A jornada da protagonista, propositadamente sem nome, uma publicitária que trabalhava em excesso e negligenciava a saúde, os amigos, a família e as próprias emoções e decide fazer um retiro de dois meses em Jericoacoara, no Ceará, antes de ceder completamente a um processo de burnout pesado, parece dialogar com dezenas, talvez milhares, de mulheres.
O processo de encarar os fantasmas, os traumas, os medos e as angústias de muito do que é ser mulher no mundo de hoje emergem aos poucos em “Primeiro eu tive que morrer”.
“Quanto tempo se leva para morrer?”
A pergunta da jovem heroína perpassa a obra e ainda nos momentos felizes é possível sentir a iminência de uma quase morte nas entrelinhas. Mas o livro não é sobre morrer, é sobre o amor, nos avisa Lorena logo no início. É sobre o amor em todas as suas formas, sobre amar mulheres, amigas, irmãs, seres humanos. Sobre amor-próprio antes de tudo também. Os contornos de romance saídos de um filme água com açúcar estão lá, e-mails e encontros inesperados, propícios e na hora certa, sem falhas ou maiores defeitos, feitos à medida para potencializar as descobertas e fazer fluir a narrativa. Tem ainda um pouco de suspense, um pouco de mistério. O final feliz também está lá e é inevitável não ficarmos radiantes pela protagonista, essa jovem que consegue superar um percurso tão dolorido.

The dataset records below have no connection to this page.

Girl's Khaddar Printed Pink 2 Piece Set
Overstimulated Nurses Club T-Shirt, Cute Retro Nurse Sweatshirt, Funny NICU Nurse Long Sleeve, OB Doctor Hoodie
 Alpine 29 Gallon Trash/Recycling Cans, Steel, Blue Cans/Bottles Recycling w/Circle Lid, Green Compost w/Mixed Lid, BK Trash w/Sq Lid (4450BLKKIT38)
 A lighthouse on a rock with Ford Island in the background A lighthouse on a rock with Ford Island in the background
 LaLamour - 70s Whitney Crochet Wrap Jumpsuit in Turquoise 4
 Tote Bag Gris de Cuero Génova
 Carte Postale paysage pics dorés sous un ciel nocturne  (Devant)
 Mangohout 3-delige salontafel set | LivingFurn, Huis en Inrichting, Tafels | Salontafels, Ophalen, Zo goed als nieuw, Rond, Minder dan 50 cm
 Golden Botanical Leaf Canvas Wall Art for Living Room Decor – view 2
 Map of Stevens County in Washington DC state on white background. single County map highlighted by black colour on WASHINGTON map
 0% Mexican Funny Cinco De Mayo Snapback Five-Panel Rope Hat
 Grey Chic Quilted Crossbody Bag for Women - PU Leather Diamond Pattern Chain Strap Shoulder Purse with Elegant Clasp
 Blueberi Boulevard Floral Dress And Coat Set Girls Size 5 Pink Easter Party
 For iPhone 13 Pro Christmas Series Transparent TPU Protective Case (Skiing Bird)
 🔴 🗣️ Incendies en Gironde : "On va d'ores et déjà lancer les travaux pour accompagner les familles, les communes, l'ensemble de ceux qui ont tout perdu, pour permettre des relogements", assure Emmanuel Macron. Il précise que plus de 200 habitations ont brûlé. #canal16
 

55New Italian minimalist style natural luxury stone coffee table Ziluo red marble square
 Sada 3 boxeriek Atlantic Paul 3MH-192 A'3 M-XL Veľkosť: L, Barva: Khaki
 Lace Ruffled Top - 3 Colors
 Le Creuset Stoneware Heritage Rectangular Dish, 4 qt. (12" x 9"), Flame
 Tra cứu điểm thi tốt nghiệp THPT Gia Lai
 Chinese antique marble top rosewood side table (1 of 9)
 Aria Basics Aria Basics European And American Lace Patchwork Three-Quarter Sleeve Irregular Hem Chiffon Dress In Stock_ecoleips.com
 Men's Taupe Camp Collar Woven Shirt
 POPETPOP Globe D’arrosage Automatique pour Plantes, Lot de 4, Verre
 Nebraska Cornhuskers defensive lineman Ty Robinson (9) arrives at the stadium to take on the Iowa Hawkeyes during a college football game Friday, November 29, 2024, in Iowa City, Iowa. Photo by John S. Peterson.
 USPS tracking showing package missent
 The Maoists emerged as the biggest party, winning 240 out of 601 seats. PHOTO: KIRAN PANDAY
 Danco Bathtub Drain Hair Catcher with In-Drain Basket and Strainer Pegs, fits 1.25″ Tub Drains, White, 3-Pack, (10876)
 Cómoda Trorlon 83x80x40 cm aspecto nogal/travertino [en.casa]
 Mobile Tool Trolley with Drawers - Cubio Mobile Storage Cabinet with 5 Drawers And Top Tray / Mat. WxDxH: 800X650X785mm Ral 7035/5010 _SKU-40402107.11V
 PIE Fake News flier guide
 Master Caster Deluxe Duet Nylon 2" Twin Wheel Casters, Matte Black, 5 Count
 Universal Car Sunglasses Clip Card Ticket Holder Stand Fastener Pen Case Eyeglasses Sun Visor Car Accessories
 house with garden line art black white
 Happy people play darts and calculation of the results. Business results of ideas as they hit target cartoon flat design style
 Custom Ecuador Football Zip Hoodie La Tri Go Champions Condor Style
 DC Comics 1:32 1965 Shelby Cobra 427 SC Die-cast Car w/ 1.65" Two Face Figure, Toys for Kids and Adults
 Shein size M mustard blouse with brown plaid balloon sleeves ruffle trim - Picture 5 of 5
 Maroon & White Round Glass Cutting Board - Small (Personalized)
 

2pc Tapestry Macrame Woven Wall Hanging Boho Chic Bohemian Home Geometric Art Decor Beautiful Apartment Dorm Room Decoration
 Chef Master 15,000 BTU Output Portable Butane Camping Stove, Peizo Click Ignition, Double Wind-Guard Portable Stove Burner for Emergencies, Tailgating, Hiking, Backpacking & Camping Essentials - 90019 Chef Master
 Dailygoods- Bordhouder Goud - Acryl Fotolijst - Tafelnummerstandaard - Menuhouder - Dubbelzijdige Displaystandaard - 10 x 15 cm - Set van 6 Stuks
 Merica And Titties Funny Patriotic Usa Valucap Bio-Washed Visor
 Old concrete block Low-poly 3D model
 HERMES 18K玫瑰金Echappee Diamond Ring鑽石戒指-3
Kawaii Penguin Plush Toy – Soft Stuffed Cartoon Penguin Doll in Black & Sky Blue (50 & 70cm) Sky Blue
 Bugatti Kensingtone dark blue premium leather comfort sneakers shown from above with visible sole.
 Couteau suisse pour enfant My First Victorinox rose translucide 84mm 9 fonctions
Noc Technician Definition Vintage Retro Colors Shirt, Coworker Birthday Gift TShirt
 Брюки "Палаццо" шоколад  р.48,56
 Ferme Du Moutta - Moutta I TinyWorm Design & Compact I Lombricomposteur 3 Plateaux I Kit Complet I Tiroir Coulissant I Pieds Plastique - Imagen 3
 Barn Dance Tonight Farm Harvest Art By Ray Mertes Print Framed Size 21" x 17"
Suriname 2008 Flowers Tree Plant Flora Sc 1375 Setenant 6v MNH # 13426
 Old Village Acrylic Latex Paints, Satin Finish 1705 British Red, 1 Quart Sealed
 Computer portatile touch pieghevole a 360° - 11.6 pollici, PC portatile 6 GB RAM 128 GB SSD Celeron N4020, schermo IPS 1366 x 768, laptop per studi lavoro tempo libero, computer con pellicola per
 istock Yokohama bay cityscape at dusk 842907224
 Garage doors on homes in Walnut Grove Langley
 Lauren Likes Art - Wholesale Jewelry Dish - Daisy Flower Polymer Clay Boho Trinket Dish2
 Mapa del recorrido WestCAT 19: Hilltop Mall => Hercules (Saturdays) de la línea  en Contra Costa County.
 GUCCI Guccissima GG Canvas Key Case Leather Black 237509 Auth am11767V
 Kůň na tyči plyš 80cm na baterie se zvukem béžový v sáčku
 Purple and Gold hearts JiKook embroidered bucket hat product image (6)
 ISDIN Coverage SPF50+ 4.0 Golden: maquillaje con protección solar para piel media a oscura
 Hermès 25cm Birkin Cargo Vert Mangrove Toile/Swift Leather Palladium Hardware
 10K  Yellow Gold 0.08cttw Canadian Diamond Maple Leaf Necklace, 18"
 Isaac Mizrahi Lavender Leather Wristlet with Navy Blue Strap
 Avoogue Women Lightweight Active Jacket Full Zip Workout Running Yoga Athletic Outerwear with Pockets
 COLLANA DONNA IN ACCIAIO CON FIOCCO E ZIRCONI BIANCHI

O ponto mais delicado de “primeiro eu tive que morrer” é que falta qualquer coisa. Existem algumas pontas soltas que poderiam ser conectadas para ajudar a jornada a se encerrar de maneira menos óbvia e mais clara. Para mim, como leitora, ficaram uma dezena de perguntas que não são aquelas perguntas saudáveis que ficam a cargo da interpretação e imaginação do leitor ao final de um romance. Talvez o fato do romance ter sido escrito como desenvolvimento de um conto possa ter feito com que falte alguma coesão na narrativa. Não era preciso um grande desenvolvimento, mas conectar algumas poucas linhas antes do final “felizes para sempre”. Dito isso, não deixa de ser uma leitura leve e rápida, que talvez valha a pena.